![scrna2/6](https://img.shields.io/badge/scrna2/6-lightgrey)
[![Jupyter Notebook](https://img.shields.io/badge/Source%20on%20GitHub-orange)](https://github.com/laminlabs/lamin-usecases/blob/main/docs/scrna2.ipynb)
[![lamindata](https://img.shields.io/badge/Source%20%26%20report%20on%20LaminHub-mediumseagreen)](https://lamin.ai/laminlabs/lamindata/record/core/Transform?uid=ManDYgmftZ8Cz8)
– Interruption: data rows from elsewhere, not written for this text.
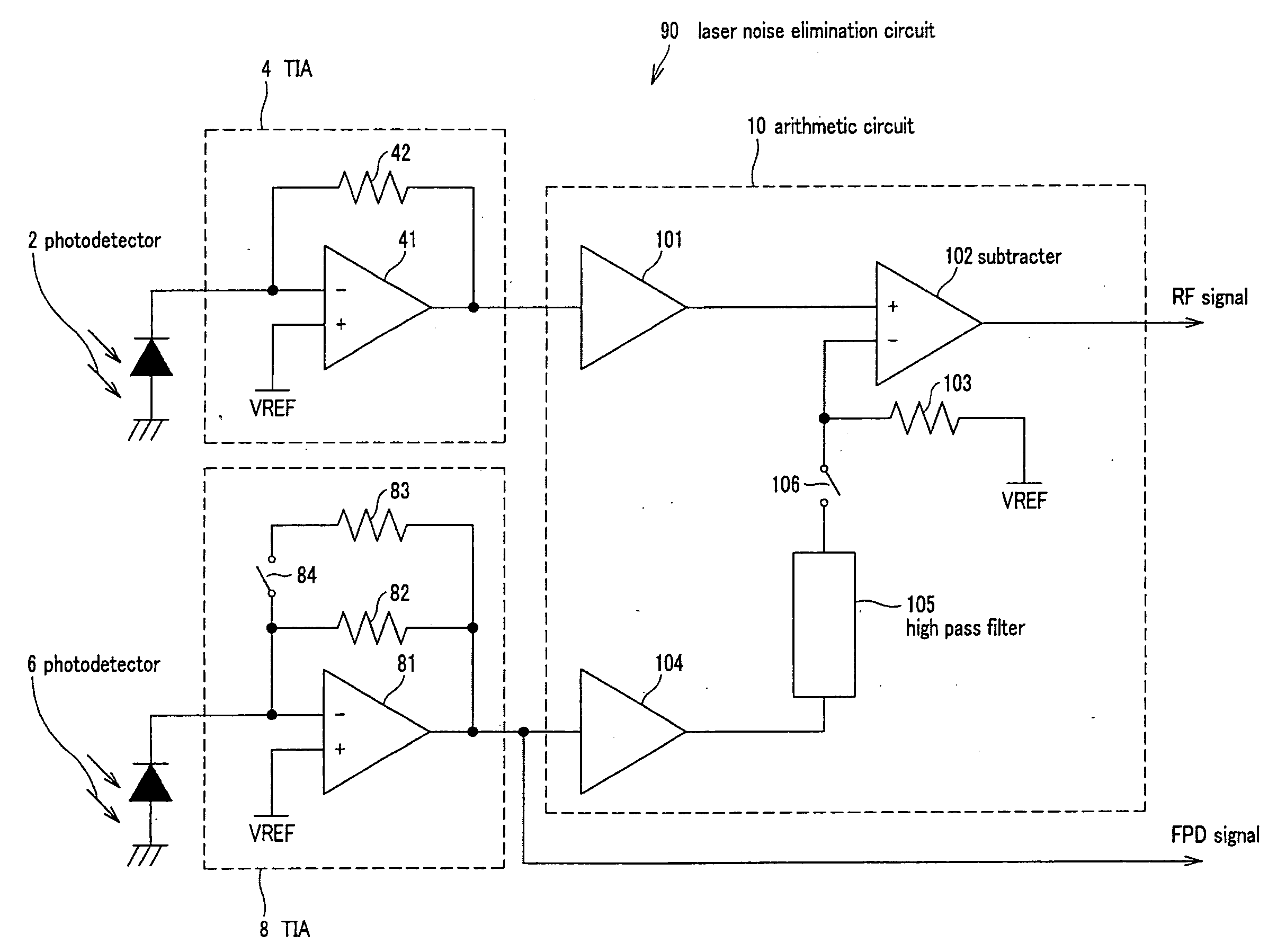Laser noise elimination circuit and optical disc device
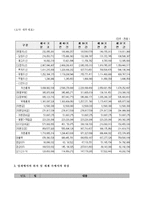 [관광학] 테마파크 에버랜드(EVERLAND) 분석-14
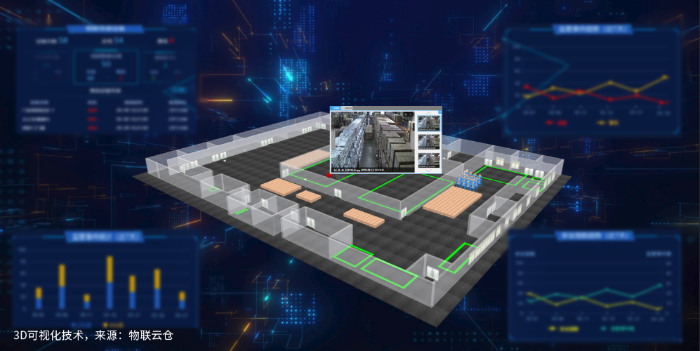 變革傳統物流監管模式，智能監管解決方案引領行業新浪潮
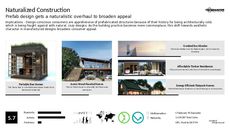 Building Trend Report Research Insight 1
# Standardize and append a batch of data

Here, we'll learn 
- how to standardize a less well curated collection
- how to append it to the growing versioned collection

In [None]:
import lamindb as ln
import bionty as bt

ln.settings.verbosity = "hint"
bt.settings.auto_save_parents = False

In [None]:
ln.transform.stem_uid = "ManDYgmftZ8C"
ln.transform.version = "1"
ln.track()

## Standardize a data shard

Let's now consider a collection with less-well curated features:

In [None]:
adata = ln.dev.datasets.anndata_pbmc68k_reduced()
adata

We are still working with human data, and can globally set an organism:

In [None]:
bt.settings.organism = "human"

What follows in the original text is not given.